De laatste tijd probeer ik mij te herinneren hoe een en ander verlopen is. Soms raak je in verwarring. Maar om bij het begin te beginnen, eerst dit. Enige tijd geleden schoot mij dat schitterend stralende schilderij New Amsterdam Painting van Robert Motherwell te binnen. Ik bedacht dat, nadat het Stedelijk Museum na jaren in de wildernis weer heropend was, daar vooral werken van Willem de Kooning op volle kracht (en in volle kleurenpracht) aanwezig waren. Ineens is niet helemaal het juiste woord: ook voor die tijd, in de periode De Wilde, was de Rotterdamse Amerikaan steeds prominent te zien, en terecht. Alles wat er van De Kooning in het museum is, werd onder De Wilde verworven. Een echte schilder, zei die altijd. Hij bedoelde, denk ik, de vet gekrulde oppervlakte van kleurige olieverf. Zoals bekend zijn ook de werken van Barnett Newman door De Wilde aangekocht – van een andere geweldige schilder. Voor diens radicale kunst was vooral ontzag, herinner ik me. De schilderijen waren te onverbiddelijk om voluit van te houden. Het laten zien van Newman was jarenlang en tot voor kort eigenlijk niet mogelijk, vond men, vanwege allerlei gedonderjaag dat rond twee schilderijen had plaatsgevonden. Maar daarover wil ik het nooit meer hebben. Het gevolg was dat daardoor De Koonings schilderijen (waar er wel acht van zijn) meer gewicht kregen en plotseling highlights waren in het museum. Een highlight is daar een nieuw marketing-concept. Bedoeld worden werken die altijd te zien moeten zijn (omdat je ervan kunt houden) en waarvoor andere kunst maar plaats moet maken. Zelf hoop ik in een museum ook verrassingen te zien.

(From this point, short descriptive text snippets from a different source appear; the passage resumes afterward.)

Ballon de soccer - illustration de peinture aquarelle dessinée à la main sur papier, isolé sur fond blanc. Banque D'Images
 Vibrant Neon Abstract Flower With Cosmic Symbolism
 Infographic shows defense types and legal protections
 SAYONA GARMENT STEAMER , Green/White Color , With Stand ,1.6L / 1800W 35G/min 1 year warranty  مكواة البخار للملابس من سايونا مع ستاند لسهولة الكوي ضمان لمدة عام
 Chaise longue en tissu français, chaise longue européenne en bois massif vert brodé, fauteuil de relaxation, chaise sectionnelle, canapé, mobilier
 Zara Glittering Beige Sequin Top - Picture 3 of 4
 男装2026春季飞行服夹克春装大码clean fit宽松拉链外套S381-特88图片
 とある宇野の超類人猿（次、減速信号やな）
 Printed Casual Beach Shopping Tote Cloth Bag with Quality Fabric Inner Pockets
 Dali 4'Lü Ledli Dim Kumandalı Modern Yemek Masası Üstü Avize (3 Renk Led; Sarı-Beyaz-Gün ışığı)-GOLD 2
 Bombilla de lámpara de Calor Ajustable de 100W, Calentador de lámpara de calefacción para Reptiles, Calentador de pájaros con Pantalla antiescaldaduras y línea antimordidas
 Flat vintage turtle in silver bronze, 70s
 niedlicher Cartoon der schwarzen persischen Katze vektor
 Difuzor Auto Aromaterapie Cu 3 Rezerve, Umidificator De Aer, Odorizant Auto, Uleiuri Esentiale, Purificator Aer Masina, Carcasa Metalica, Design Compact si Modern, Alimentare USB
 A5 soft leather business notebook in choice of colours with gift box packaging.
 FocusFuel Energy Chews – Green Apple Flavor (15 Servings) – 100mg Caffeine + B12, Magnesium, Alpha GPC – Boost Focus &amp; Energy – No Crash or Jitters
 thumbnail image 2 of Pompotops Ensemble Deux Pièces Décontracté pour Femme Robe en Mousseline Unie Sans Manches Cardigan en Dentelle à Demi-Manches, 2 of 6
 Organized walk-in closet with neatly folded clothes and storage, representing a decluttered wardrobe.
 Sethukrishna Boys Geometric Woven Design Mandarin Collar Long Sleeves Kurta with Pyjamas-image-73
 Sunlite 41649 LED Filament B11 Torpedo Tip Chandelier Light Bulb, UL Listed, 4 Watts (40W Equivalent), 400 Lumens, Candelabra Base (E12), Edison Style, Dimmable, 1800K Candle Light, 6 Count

Ik herinner me nog dat ik het zag: een schilderij met een zwierige helderheid en een mooie brede ruimte

Motherwell is kennelijk geen highlight want ik heb zijn schilderij al jaren niet meer gezien. Voor een hele generatie zou het nu nieuw zijn – zoiets als Jeroen Bosch, die immers ook herontdekt is. Dat New Amsterdam Painting kwam kort nadat het in 1966 gemaakt was het museum in. Ik herinner me nog dat ik het zag: een schilderij met een schitterend zwierige helderheid en een mooie brede ruimte. Van onder naar boven: eerst bleek grijsblauw waarop de golvende baan van zwart. Daarboven in wit een strakke streep geel zo klaterend als ik geel nog nooit gezien had. Het straalde als de dageraad. Misschien was het inderdaad een gezicht op Nieuw Amsterdam: water, land, de zon, en in twee rigoureuze halen de hoge stad. De opwinding was: het was een Amerikaans schilderij. Het eerste ongeveer dat ik te zien kreeg. Want vergeet niet: een eerste De Kooning, Rosy Fingered Dawn, werd verworven in 1964, net als een kolossaal schilderij van de toen zeer geliefde Sam Francis. Het brutale werk Charlene van Robert Rauschenberg volgde in 1965. In datzelfde jaar ook het nu klassieke drieluik van Roy Lichtenstein. Toen werd in 1966 een schilderij van Jasper Johns verworven en ook dus die prachtige Motherwell. Het eerste schilderij van Barnett Newman, The Gate, kwam in 1967 in de collectie. In dat jaar ook Ellsworth Kelly voor het eerst. De Wilde heeft goed verzameld: met aankopen van bewust verschillende kunstenaars bracht hij het nieuwe gebied Amerika in kaart. De echte concentratie toen op waar hij het meest mee had (De Kooning, Newman en Kelly) verdiepte zich dan later in de jaren zestig en zeventig. Dat was ook goed.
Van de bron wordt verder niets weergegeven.